The equation belongs to the Mori–Zwanzig theory within the statistical mechanics of irreversible processes (named after Hazime Mori). By means of a projection operator the dynamics is split into a slow, collective part (relevant part) and a rapidly fluctuating irrelevant part. The goal is to develop dynamical equations for the collective part.

## Derivation

The starting point[1] is the quantum mechanical Liouville equation (von Neumann equation)

$\partial_t \rho = \frac{i}{\hbar}[\rho,H] = L \rho,$

where the Liouville operator $L$ is defined as $L A = \frac{i}{\hbar}[A,H]$.

The density operator (density matrix) $\rho$ is split by means of a projection operator $\mathcal{P}$ into two parts $\rho =\left( \mathcal{P}+\mathcal{Q} \right)\rho$, where $\mathcal{Q}\equiv 1-\mathcal{P}$. The projection operator $\mathcal{P}$ projects onto the aforementioned relevant part, for which an equation of motion is to be derived.

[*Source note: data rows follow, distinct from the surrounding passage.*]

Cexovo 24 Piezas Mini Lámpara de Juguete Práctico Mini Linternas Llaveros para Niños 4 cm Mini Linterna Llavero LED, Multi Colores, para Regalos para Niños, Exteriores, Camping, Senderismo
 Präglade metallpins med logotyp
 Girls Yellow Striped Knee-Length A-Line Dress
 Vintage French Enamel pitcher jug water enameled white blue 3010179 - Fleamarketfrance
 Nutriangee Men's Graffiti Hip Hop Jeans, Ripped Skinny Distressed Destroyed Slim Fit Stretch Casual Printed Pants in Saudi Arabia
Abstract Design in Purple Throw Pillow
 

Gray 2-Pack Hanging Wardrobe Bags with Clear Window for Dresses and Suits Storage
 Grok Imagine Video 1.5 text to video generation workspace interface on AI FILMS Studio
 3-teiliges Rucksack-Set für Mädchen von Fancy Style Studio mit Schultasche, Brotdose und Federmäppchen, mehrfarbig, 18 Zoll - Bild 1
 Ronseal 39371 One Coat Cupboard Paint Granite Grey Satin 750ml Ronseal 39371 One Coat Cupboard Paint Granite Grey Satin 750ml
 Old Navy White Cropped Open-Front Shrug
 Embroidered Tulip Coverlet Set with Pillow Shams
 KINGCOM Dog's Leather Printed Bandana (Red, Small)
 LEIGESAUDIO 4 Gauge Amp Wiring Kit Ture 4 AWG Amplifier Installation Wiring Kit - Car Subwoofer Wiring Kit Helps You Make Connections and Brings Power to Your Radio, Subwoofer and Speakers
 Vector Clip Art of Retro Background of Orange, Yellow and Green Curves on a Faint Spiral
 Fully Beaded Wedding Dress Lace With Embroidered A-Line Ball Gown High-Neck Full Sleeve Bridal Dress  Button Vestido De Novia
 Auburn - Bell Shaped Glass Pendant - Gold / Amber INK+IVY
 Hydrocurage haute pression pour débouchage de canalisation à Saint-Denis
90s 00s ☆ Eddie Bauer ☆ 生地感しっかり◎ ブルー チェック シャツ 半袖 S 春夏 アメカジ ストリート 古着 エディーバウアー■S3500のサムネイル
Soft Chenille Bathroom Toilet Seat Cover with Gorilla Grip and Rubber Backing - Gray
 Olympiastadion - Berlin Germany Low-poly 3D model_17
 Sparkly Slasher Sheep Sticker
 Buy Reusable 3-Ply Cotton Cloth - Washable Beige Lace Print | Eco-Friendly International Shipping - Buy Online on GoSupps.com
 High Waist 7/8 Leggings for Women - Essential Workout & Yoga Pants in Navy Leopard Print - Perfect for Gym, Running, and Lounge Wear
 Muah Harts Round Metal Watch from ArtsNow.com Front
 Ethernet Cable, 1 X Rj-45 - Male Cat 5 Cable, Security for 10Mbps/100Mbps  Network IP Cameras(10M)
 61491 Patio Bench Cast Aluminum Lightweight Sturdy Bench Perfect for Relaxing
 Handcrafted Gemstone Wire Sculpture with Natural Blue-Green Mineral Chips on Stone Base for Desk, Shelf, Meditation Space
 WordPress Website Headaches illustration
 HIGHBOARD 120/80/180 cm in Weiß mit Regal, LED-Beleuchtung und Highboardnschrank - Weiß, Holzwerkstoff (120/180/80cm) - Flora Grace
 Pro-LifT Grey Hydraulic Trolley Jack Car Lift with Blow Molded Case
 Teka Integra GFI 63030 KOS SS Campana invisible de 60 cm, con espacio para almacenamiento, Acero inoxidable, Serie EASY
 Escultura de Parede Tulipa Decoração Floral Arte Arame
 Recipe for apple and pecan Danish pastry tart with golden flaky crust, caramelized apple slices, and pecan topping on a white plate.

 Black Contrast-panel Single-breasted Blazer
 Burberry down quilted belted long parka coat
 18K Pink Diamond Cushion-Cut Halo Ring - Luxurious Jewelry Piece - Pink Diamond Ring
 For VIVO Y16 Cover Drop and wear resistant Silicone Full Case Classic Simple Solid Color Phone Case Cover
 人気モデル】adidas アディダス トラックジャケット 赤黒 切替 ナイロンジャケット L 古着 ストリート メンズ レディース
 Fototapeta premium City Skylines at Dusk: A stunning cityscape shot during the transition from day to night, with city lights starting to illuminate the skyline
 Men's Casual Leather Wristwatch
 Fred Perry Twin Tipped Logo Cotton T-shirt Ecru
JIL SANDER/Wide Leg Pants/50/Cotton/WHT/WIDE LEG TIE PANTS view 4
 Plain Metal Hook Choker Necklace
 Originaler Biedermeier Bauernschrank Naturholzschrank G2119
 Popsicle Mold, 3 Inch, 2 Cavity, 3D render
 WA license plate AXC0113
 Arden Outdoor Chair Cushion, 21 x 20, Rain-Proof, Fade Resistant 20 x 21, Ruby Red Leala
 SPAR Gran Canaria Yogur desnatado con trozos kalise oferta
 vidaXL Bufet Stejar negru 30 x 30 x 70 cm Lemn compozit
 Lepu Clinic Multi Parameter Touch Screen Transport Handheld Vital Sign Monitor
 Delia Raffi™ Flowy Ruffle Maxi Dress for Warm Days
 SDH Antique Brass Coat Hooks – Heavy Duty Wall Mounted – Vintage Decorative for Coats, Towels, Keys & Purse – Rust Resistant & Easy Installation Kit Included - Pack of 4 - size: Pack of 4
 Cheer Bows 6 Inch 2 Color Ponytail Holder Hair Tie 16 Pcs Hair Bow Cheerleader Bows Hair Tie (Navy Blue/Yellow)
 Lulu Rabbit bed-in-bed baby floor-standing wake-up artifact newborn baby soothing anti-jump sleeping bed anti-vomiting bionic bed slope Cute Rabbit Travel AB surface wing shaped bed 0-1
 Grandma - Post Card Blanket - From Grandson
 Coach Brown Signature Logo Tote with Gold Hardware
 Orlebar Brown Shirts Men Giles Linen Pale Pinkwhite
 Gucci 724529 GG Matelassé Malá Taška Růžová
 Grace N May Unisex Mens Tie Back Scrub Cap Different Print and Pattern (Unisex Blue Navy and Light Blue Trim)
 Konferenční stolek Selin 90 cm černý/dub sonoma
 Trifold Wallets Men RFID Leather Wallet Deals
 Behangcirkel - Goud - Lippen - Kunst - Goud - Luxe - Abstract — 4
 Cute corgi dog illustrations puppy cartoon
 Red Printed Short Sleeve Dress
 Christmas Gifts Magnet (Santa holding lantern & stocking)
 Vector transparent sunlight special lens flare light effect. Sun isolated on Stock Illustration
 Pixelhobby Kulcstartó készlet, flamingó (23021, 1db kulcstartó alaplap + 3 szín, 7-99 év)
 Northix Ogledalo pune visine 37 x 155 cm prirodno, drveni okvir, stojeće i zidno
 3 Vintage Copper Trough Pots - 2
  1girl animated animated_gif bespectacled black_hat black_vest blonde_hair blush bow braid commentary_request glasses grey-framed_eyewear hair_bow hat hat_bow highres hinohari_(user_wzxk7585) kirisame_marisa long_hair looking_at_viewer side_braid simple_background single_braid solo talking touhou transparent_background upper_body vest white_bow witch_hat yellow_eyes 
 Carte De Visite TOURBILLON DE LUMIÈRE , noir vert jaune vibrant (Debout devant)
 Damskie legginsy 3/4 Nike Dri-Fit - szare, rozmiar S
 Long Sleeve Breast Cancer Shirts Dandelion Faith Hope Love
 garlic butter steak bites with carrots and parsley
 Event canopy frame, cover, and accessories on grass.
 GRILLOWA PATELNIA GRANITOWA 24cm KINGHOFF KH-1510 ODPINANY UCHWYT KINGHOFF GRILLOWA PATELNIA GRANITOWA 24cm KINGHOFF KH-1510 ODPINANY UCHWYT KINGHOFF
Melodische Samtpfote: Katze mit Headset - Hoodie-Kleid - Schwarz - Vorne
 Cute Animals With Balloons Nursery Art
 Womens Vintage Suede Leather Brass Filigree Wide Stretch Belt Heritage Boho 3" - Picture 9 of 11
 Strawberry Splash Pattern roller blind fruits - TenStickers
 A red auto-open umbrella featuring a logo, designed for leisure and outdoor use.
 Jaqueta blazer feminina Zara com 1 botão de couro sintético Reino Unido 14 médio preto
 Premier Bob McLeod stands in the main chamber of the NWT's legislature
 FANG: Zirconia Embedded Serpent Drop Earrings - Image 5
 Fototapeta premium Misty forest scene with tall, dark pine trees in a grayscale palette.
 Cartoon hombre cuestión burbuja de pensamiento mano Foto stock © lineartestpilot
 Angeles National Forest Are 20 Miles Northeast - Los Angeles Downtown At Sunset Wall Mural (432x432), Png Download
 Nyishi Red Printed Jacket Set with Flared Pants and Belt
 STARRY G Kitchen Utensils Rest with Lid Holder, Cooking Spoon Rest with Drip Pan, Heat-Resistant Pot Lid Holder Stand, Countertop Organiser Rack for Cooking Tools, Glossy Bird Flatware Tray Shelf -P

The Liouville – von Neumann equation can thus be represented as

${\partial_t}\left( \begin{matrix} \mathcal{P} \\ \mathcal{Q} \\ \end{matrix} \right)\rho =\left( \begin{matrix} \mathcal{P} \\ \mathcal{Q} \\ \end{matrix} \right)L\left( \begin{matrix} \mathcal{P} \\ \mathcal{Q} \\ \end{matrix} \right)\rho +\left( \begin{matrix} \mathcal{P} \\ \mathcal{Q} \\ \end{matrix} \right)L\left( \begin{matrix} \mathcal{Q} \\ \mathcal{P} \\ \end{matrix} \right)\rho.$

The second line is formally solved as

$\mathcal{Q}\rho ={{e}^{\mathcal{Q}Lt}}Q\rho (t=0)+\int_{0}^{t}dt'{e}^{\mathcal{Q}Lt'}\mathcal{Q}L\mathcal{P}\rho (t-{t}').$

By plugging the solution into the first equation, we obtain the Nakajima–Zwanzig equation:

$\partial_t \mathcal{P}\rho =\mathcal{P}L\mathcal{P}\rho +\underbrace{\mathcal{P}L{{e}^{\mathcal{Q}Lt}}Q\rho (t=0)}_{=0}+\mathcal{P}L\int_{0}^{t}{dt'{{e}^{\mathcal{Q}Lt'}}\mathcal{Q}L\mathcal{P}\rho (t-{t}')}.$

Under the assumption that the inhomogeneous term vanishes[2] and using

$\mathcal{K}\left( t \right)\equiv\mathcal{P}L{{e}^{\mathcal{Q}Lt}}\mathcal{Q}L\mathcal{P},$
$\mathcal{P}\rho \equiv {{\rho }_\mathrm{rel}},$ as well as
$\mathcal{P}^2=\mathcal{P},$

we obtain the final form

$\partial_t{\rho }_\mathrm{rel}=\mathcal{P}L{{\rho}_\mathrm{rel}}+\int_{0}^{t}{dt'\mathcal{K}({t}'){{\rho }_\mathrm{rel}}(t-{t}')}.$

## References

• E. Fick, G. Sauermann: The Quantum Statistics of Dynamic Processes Springer-Verlag, 1983, ISBN ISSN 3-540-50824-4.
• Heinz-Peter Breuer, Francesco Petruccione: Theory of Open Quantum Systems. Oxford, 2002 ISBN ISSN 970-0-19-852063-4
• Hermann Grabert Projection operator techniques in nonequilibrium statistical mechanics, Springer Tracts in Modern Physics, Band 95, 1982
• R. Kühne, P. Reineker: Nakajima-Zwanzig's generalized master equation: Evaluation of the kernel of the integro-differential equation, Zeitschrift für Physik B (Condensed Matter), Band 31, 1978, S. 105–110, Abstract

### Original works

• Sadao Nakajima (1958), "On Quantum Theory of Transport Phenomena" (in German), Progress of Theoretical Physics 20 (6): pp. 948–959
• Robert Zwanzig (1960), "Ensemble Method in the Theory of Irreversibility" (in German), Journal of Chemical Physics 33 (5): pp. 1338–1341
• original paper

## Notes

1. ^ A derivation analogous to that presented here is found, for instance, in Breuer, Petruccione The theory of open quantum systems, Oxford University Press 2002, S.443ff
2. ^ Such an assumption can be made if we assume that the irrelevant part of the density matrix is 0 at the initial time, so that the projector for t=0 is the identity.